**PROVIDED DATA:**
+++++

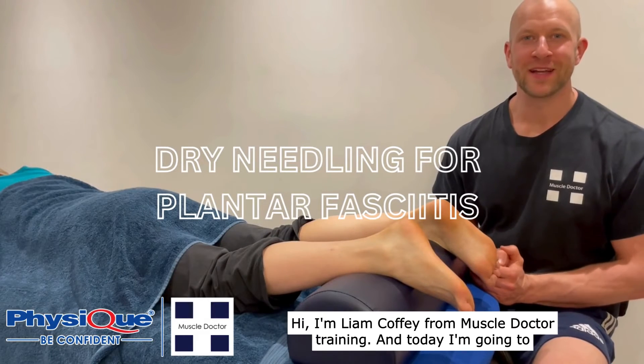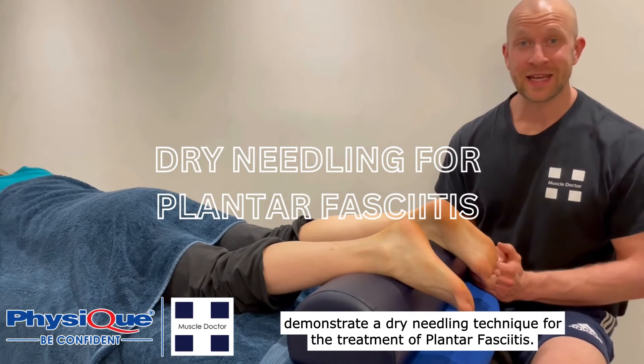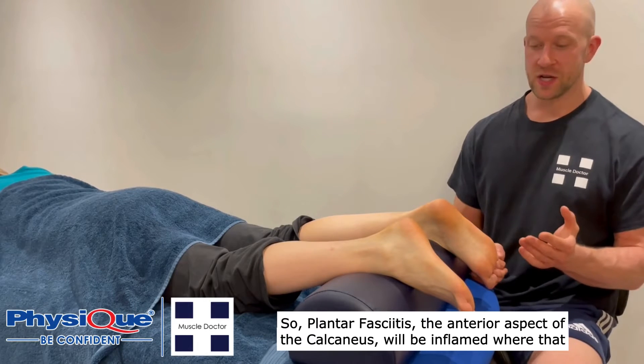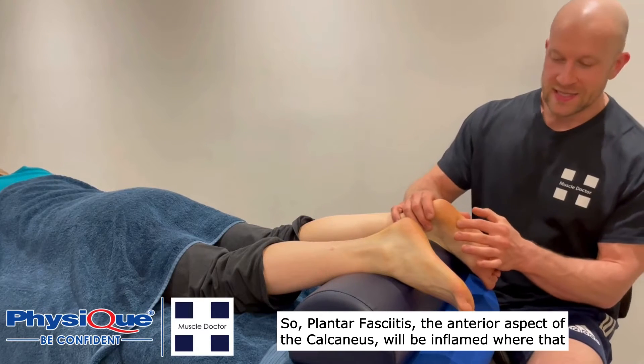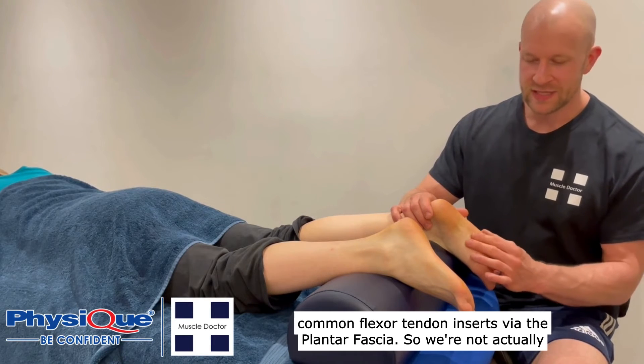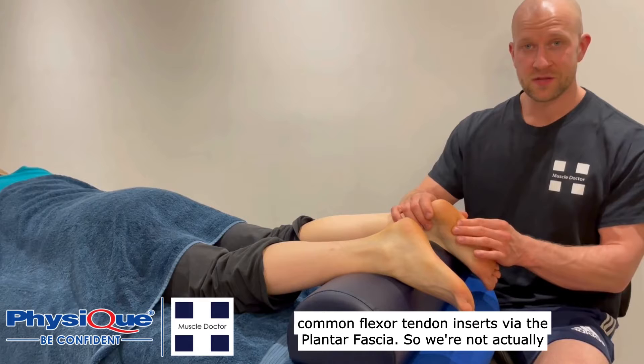Hi, I'm Liam Coffey from Muscle Doctor Training and today I'm going to demonstrate a dry needling technique for the treatment of plantar fasciitis. With plantar fasciitis, the anterior aspect of the calcaneus will be inflamed where that common flexor tendon inserts via the plantar fascia.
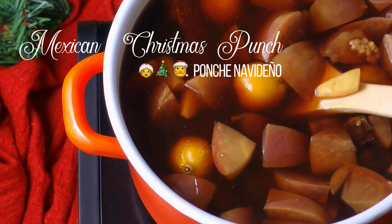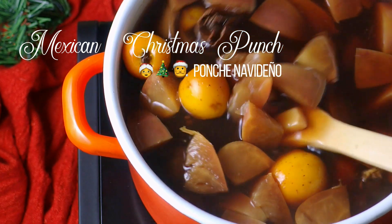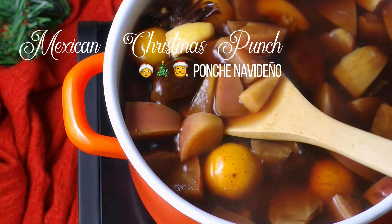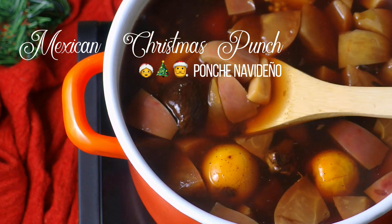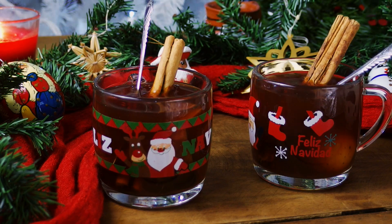Hola amigos! Today's recipe is a seasonal favorite drink — Mexican Christmas punch or ponche navideño. It's perfect for the whole family, or you can also spike it for the adults. Christmas with a ponche is just not Christmas.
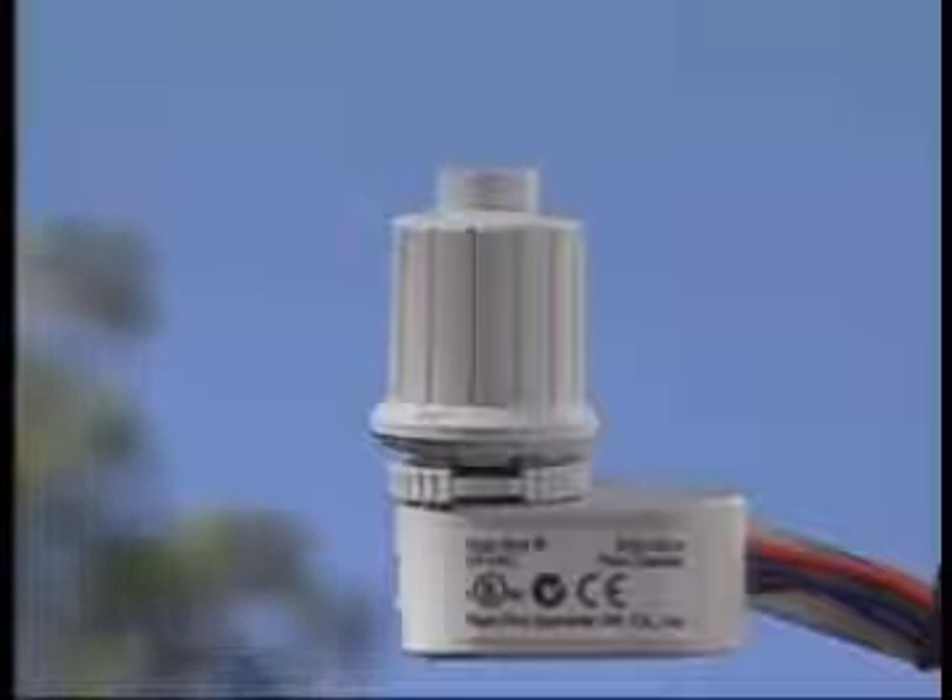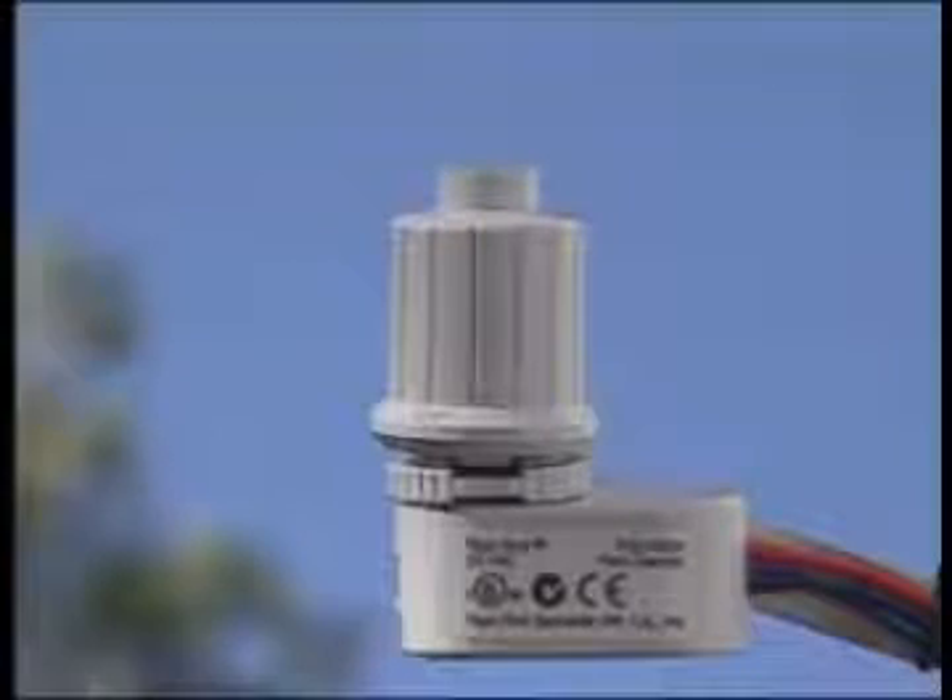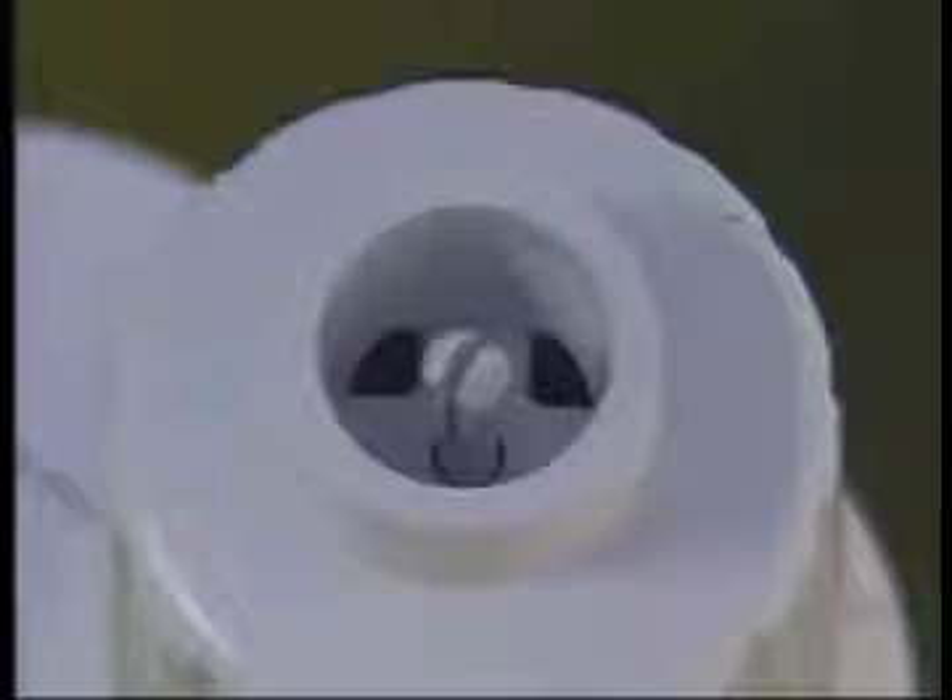The Rainbird RSD Rain Sensor is basically maintenance-free. The one item that may need your attention would be the fibrous discs under the sensor dial cap. This area can become contaminated with debris or insects.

+++++

**ASSIGNMENT:** Whenever a picture appears in the listing, leave it out; copy everything else exactly.

**TASK RESULT:**
Hi, I'm Liam Coffey from Muscle Doctor Training and today I'm going to demonstrate a dry needling technique for the treatment of plantar fasciitis. With plantar fasciitis, the anterior aspect of the calcaneus will be inflamed where that common flexor tendon inserts via the plantar fascia.
Hola amigos! Today's recipe is a seasonal favorite drink — Mexican Christmas punch or ponche navideño. It's perfect for the whole family, or you can also spike it for the adults. Christmas with a ponche is just not Christmas.
The Rainbird RSD Rain Sensor is basically maintenance-free. The one item that may need your attention would be the fibrous discs under the sensor dial cap. This area can become contaminated with debris or insects.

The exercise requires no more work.